Saisi par le Directeur Général de la Santé en août 2018, le Haut Conseil de la Santé publique vient de rendre public son avis sur l’exposition des enfants aux écrans. Fondé sur une analyse de la littérature scientifique récente sur le sujet, ce rapport met en avant les effets potentiels ou avérés d’une forte consommation d’écrans sur la santé des enfants, parmi lesquels :

  • Sommeil : les effets négatifs d’une forte exposition aux écrans sur la qualité du sommeil sont démontrés avec un niveau de preuve élevé dans de nombreuses études. « L’usage des médias, quel que soit le média, que ce soit juste avant de dormir, mais aussi un usage journalier >2 h après l’école sur chaque support ou 4 h en tout, entraîne significativement une latence d’endormissement ≥ 60 min et un déficit en sommeil ≥ 2 h. Les effets apparaissent après deux heures ou plus d’utilisation par jour et deviennent de plus en plus importants au fur et à mesure que les heures d’utilisation augmentent. »

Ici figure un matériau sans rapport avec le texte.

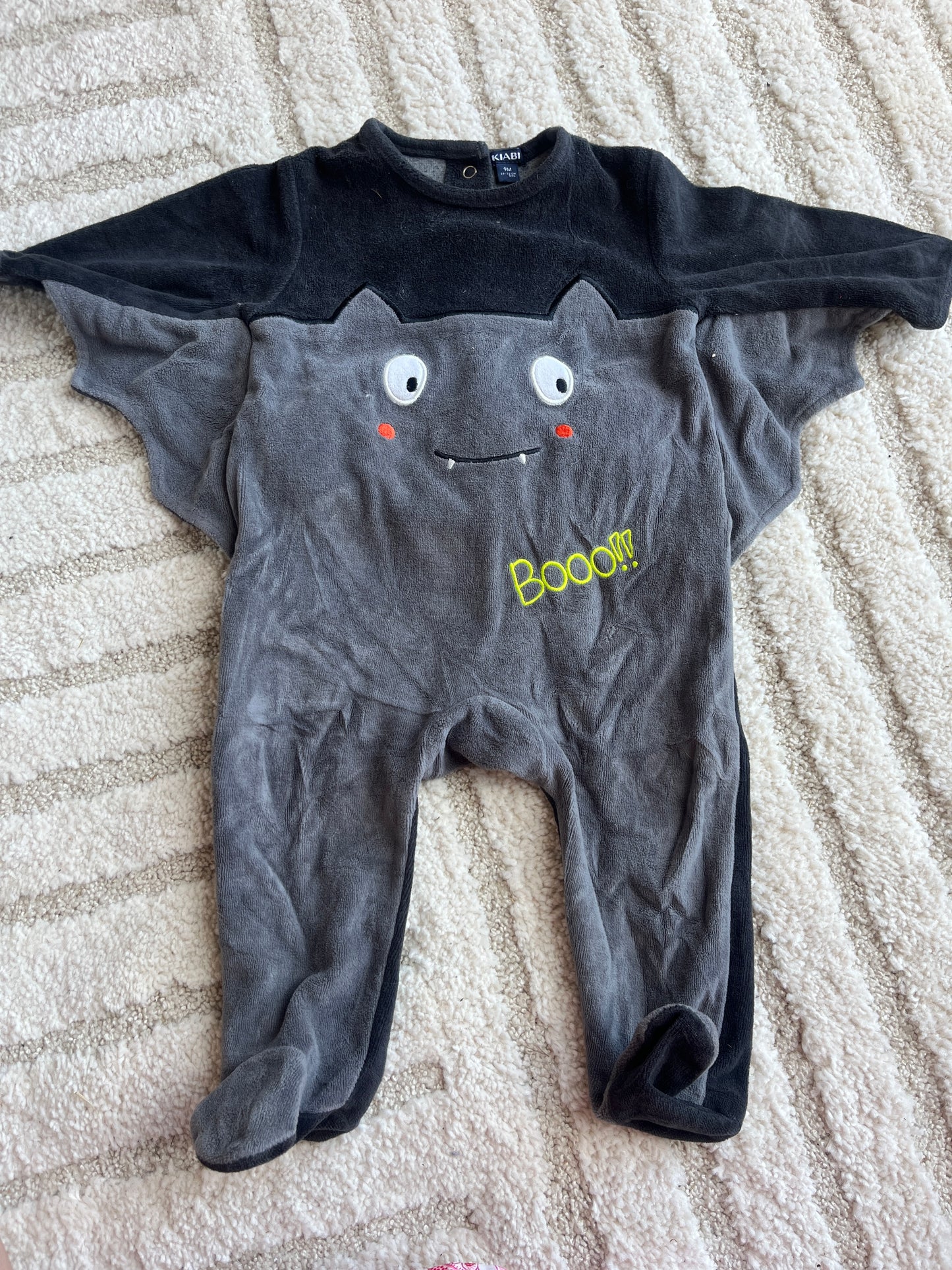 Pyjama velours gris et noir chauve-souris - 9 mois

  • Surpoids: si de nombreuses études associent le temps passé devant les écrans à un risque accru de surpoids/obésité, ce sont surtout les comportements associés à la consommation d’écrans qui sont responsables de cette prise de poids : prise alimentaire augmentée, sommeil plus court et de moindre qualité…

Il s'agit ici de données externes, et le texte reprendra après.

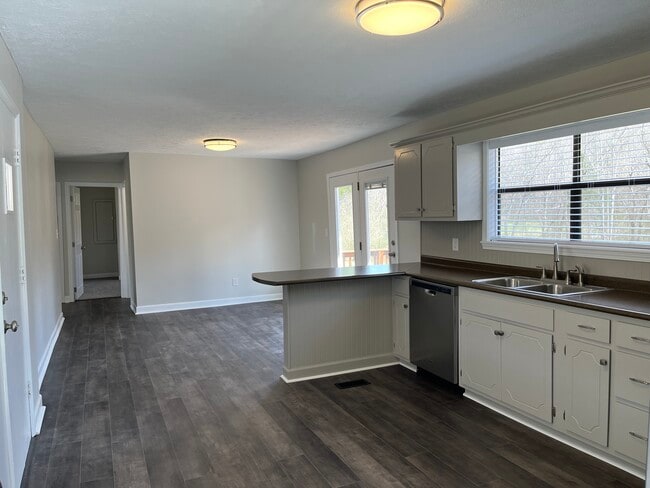 Building Photo - 1272 Gallaher Rd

  • Vision: même s’il n’existe pas de consensus scientifique sur les effets négatifs de l’exposition aux écrans sur la vision des enfants et des jeunes, des effets potentiels sont mis en avant dans un certain nombre d’études : gêne oculaire, fatigue oculaire, sécheresse oculaire, maux de tête, vision floue, vision double… De même, une forte exposition à la lumière bleue peut conduire à un stress toxique pour la rétine et provoquer des lésions du cristallin.
  • Développement cognitif: l’analyse des études récentes met en avant des résultats contrastés sur l’impact des écrans sur le développement cognitif et les apprentissages. Toutes mettent toutefois en avant l’importance de l’interaction avec les adultes durant l’utilisation des écrans par les enfants et le fait que les écrans ne remplaceront jamais cette interaction.
  • Santé mentale et bien-être: si certaines études montrent l’effet bénéfique d’une utilisation modérée des écrans pour rompre l’isolement de certains jeunes, d’autres mettent en avant les risques liés à une forte consommation chez certains adolescents vulnérables. Ces divergences soulignent l’importance de l’environnement éducatif et socio-économique ainsi que de la vulnérabilité individuelle. Ainsi, les écrans pourraient être des révélateurs de la vulnérabilité des jeunes.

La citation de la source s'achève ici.